Today looked really promising with a gap higher and a strong surge after that. The Nasdaq topped out at 2159.08 right before lunch, and failed a later attempt to move past that level. The index did gap up over the 50 day MVA (2079.55) and held on to close above that level, but it had to test it first. The candlestick chart showed us another one of those doji's on an attempted move up, and that means that although the index closed higher, the sellers were able to catch up with the buyers on the session and it closed right where it opened. The last bounce was good, but it did not put the seal of approval on the session. Higher volume was much needed on the break above the 50 day MVA. Now it might test that level (2079.55) before it takes another shot at the recent high of 2200 and then 2250. We want to see it hold there or the 10 day MVA at 2045.56. The price/volume action is returning to the way it should be, so it looks better overall.

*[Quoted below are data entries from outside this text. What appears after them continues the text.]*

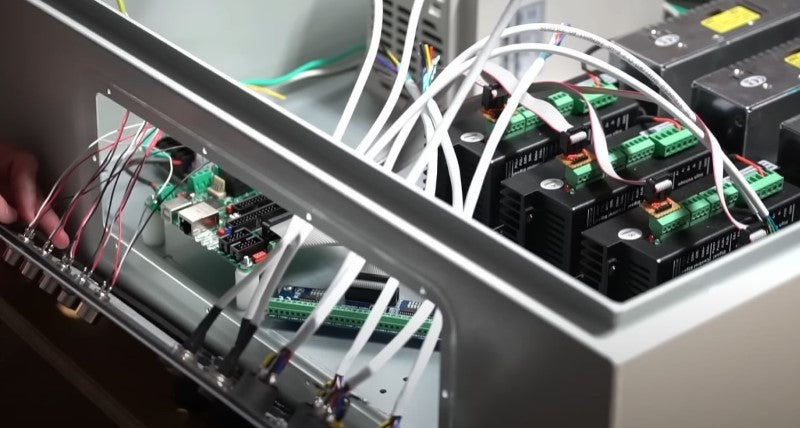Custom plug-and-play CNC control electronics cabinet with stepper drivers and wiring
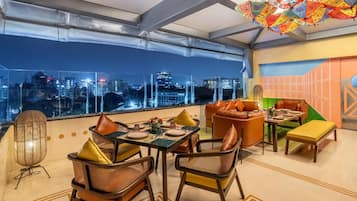 A rooftop dining area with a city view, furnished with leather chairs and tables, and a decorative hanging element.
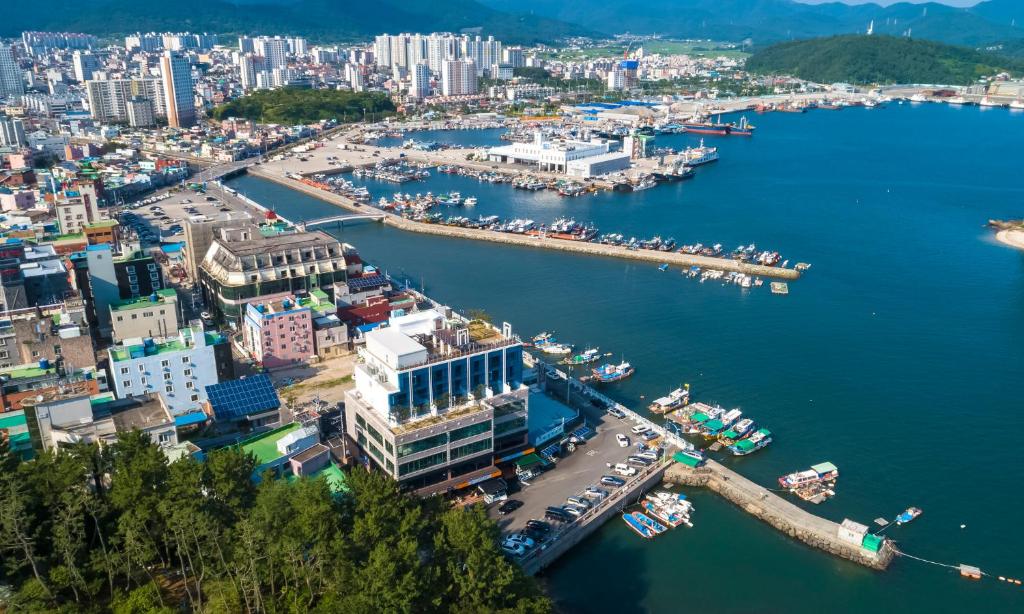 an aerial view of a city with a harbor at Owl Hotel in Sacheon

Dow/NYSE: The Dow may not give the Nasdaq much help as it fell on rising NYSE volume today after tapping at resistance on the high (10,906.41).

Stats: Down 75.08 points (-0.7%) to close at 10,734.97.
Volume: NYSE volume jumped up to 1.230 billion shares (+11.4%), right at average. Still below the volume on Thursday's gain, but a distribution day nonetheless. 639 million upside shares versus 579 million downside shares. Good to see upside shares still in the lead on overall selling.
A/D and Hi/Lo: Advancing issues also continued to lead, but down quite at bit to 1.26 to 1 (1.98 to 1 Friday). The NYSE A/D line is still trying to rise even on down sessions, showing that small stocks continue to lead. New highs fell to 155 (-7) as new lows rose to 11 (+1).

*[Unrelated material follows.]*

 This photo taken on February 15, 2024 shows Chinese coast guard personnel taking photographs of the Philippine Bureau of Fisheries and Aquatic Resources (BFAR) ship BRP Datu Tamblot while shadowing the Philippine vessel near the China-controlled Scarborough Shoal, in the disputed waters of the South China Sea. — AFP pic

The Chart: http://www.investmenthouse.com/cd/$dja.html

The Dow was up in the morning, tapping close to resistance at 11,028 on its high (10,906.41) before it turned and fell in the afternoon. The rising volume is not what we like, but it is the first such day of distribution in a long time and one day does not doom a rally as we noted last week. Still, the higher volume reversal shows that the index will most likely test down to some support. We would like to see that as the 200 day MVA at 10,615.58, but it might be the 10 day MVA (10,559.05) or the 18 day MVA (10,402.31). That is the bullish scenario, and that is what it is showing us thus far. If it continues to sell on sharply rising volume, that is a change in character. For now it is looking good still, but it looks as if it will sell back in the short term. Protect short term positions taken on this last leg higher.

S&P 500: The big caps also tapped at some resistance on the high (1269.30), where the index formed a small double top in late February and early March, and then turned and fell. NYSE volume was higher, coming in right at average. It closed the session right on some potential support at 1250. Holding here would be great, but to show such equivocation right after breaking over some potential resistance indicates it may send it back down to the 10 day MVA (1226.74) or the 50 day MVA and 18 day MVA that are converging near 1216.30. Again, the index needs to clear 1270 on strong, above average volume before it can really start a solid move higher.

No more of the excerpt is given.